Real Estate Investments for Private Investors
This applies regardless of scale. Private or small-scale investors who ignore the aforesaid risks may, at worst, buy into a financial disaster rather than acquiring an inflation safeguard, because the forced sale of a worthless run-down property at an inflated price in an obviously unfavourable market cycle will leave nothing but a huge pile of debt. A positive counter-example would be someone who invests part of his fortune in an owner-occupied or professionally let and managed property in a good state of repair and in a sound location, or who alternatively subscribes shares in high-end property funds. This latter option is a great way to benefit from the income of an entire portfolio of professionally managed real estate even when investing small amounts, rather than sinking a major portion of your investment capital into one-sided property investment.
“Professional property management means to keep sight of a property’s entire value chain when making decisions,” said Rainer Schorr. Efficiently planning, building, letting or selling, managing, upgrading, raising the rent to match the market level and cultivating a cleverly mixed tenant base – these are standard instruments from a professional property manager’s toolbox. More advanced wealth-building strategies include, for example, an exit strategy from the start, a comprehensive site analysis that takes account of a catchment area, purchasing power, infrastructure, medium- to long-term development plans and performance outlook, and covers everything from land development potential and the zoning of land for development to the anticipation of local economic trends. Such a strategy will let you buy in at a reasonable price at the right time. Again, it is safe to say: The approaches taken by professional market operators can serve as guidance for private homebuilders and small-scale investors.

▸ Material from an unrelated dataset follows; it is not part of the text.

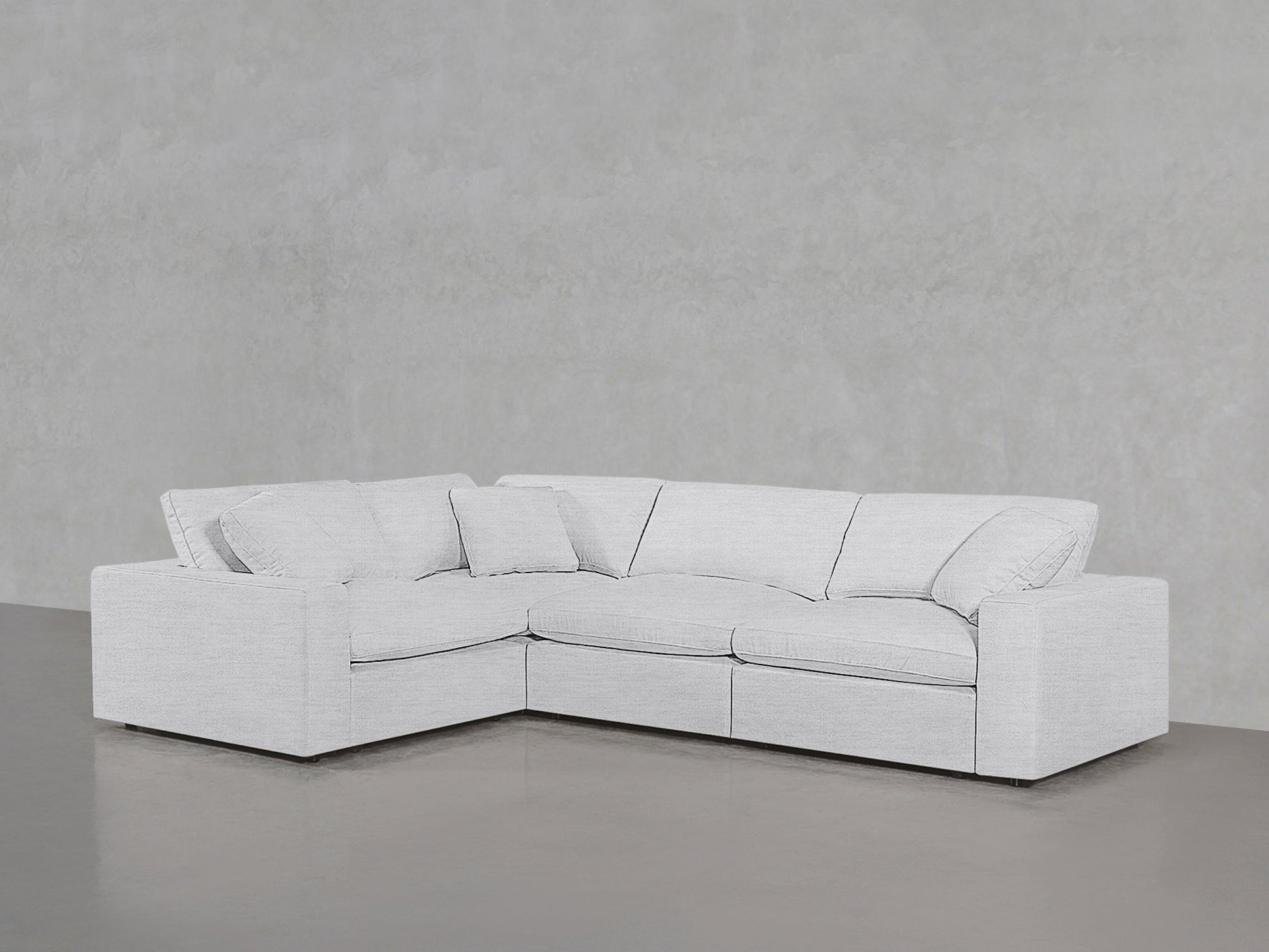 A 4-Seat Modular Corner Sectional in light gray with clean lines and plush cushions sits against a matching plain wall and floor in a minimalist setting.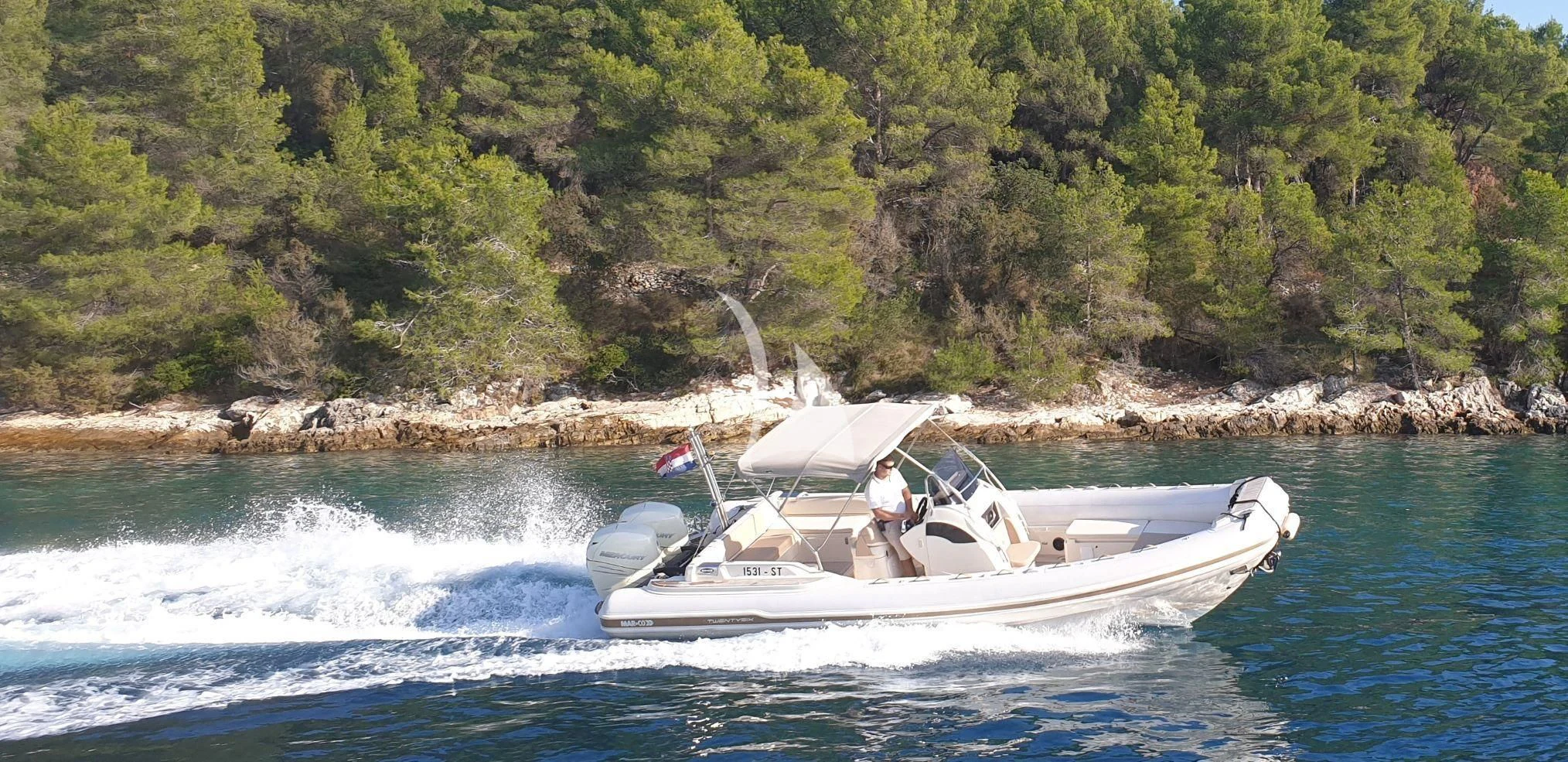 a man driving a boat on a river aboard AURIANE Yacht for Sale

If you have done your homework as a property investor, you get the inflation protection thrown in more or less for free. Worth noting is that in the inflation context, the owner-occupied home outperforms the buy-to-let property. The nominal value of the home will go up while the costs remain manageable. This contrasts with the let property, whose rent revenues will be eaten up by inflation even though its nominal value will rise as well. Inflation losses will have to be offset through rent increases, exposing you to the risk of tenant churn or vacancies. In periods of rampant inflation, there is moreover a good chance that the government imposes caps on rent increases because tenants tend to get more protection from the lawmakers than property owners. After all, ownership is an obligation under Germany’s constitution.